Als Reaktion auf den Druck der Bevölkerung hat die Regierung Duque bereits zwei hochrangige Opfer erlitten. Der erste war der Finanzchef Alberto Carrasquilla, der sein Amt wegen Kritik an der Steuererhöhung für die Mittelschicht niederlegte.
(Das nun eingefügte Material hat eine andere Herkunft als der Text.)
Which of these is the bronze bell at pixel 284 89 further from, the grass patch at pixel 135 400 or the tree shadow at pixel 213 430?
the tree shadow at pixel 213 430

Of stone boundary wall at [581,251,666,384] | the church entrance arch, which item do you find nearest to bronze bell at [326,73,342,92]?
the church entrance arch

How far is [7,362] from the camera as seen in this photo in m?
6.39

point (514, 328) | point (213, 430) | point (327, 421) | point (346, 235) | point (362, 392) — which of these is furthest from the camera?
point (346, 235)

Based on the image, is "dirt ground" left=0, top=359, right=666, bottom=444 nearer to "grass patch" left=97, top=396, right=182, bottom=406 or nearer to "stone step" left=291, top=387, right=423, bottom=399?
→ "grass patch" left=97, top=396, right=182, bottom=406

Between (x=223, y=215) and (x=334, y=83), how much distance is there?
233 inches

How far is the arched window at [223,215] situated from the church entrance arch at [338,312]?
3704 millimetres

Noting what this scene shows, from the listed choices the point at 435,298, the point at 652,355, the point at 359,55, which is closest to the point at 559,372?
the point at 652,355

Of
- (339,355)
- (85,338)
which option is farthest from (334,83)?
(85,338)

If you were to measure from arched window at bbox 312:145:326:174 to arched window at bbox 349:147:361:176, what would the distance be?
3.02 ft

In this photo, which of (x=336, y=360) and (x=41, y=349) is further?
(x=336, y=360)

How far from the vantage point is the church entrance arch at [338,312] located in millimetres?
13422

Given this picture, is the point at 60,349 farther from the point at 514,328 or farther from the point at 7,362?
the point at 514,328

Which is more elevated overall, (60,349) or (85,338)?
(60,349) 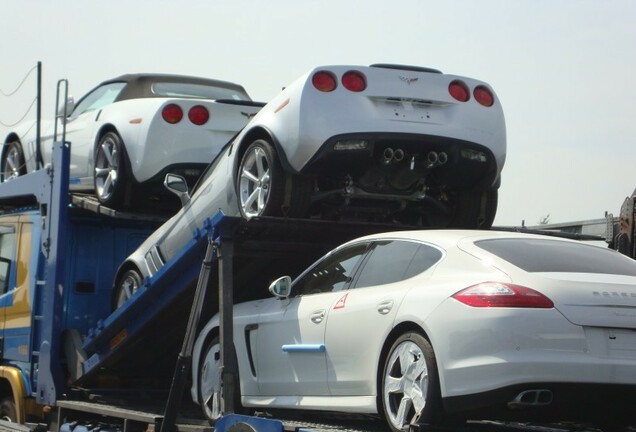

Tage später war Außenministerin Claudia Blum an der Reihe.

Am selben Tag, an dem die IACHR-Delegation im Land eintraf, kündigte der kolumbianische Präsident eine Reihe von Maßnahmen zur Modernisierung des Verteidigungsministeriums und zur Förderung einer „umfassenden Transformation“ der Polizei an.

In Veröffentlichungen in sozialen Netzwerken versprach Duque die Schaffung eines neuen Disziplinarstatuts und ein neues System für den Empfang von Beschwerden und Anschuldigungen, um in der Polizeiarbeit „exzellente Leistungen zu erbringen“. Ohne nähere Angaben zu machen, sagte der Präsident auch, dass “professionelle Standards zu Themen wie Gewaltanwendung, Menschenrechte, Bürgerservice und Polizeiverfahren” umgesetzt werden.

Zu den Änderungen gehörte auch eine Überprüfung der Protokolle für die „legitime Anwendung von Gewalt“ – etwas, das von Demonstranten und Menschenrechtsorganisationen in Frage gestellt wurde, die Exzesse im Verhalten vertriebener Agenten sahen, um Proteste einzudämmen.

Das Verteidigungsportfolio selbst wird seinen Namen ändern und zum Ministerium für Nationale Verteidigung und Bürgersicherheit werden. Darüber hinaus erhalten kolumbianische Polizisten eine neue Uniform in Blau, die, so Duque, „den Bürgern Empathie, Höflichkeit, Ruhe und Vertrauen vermittelt“.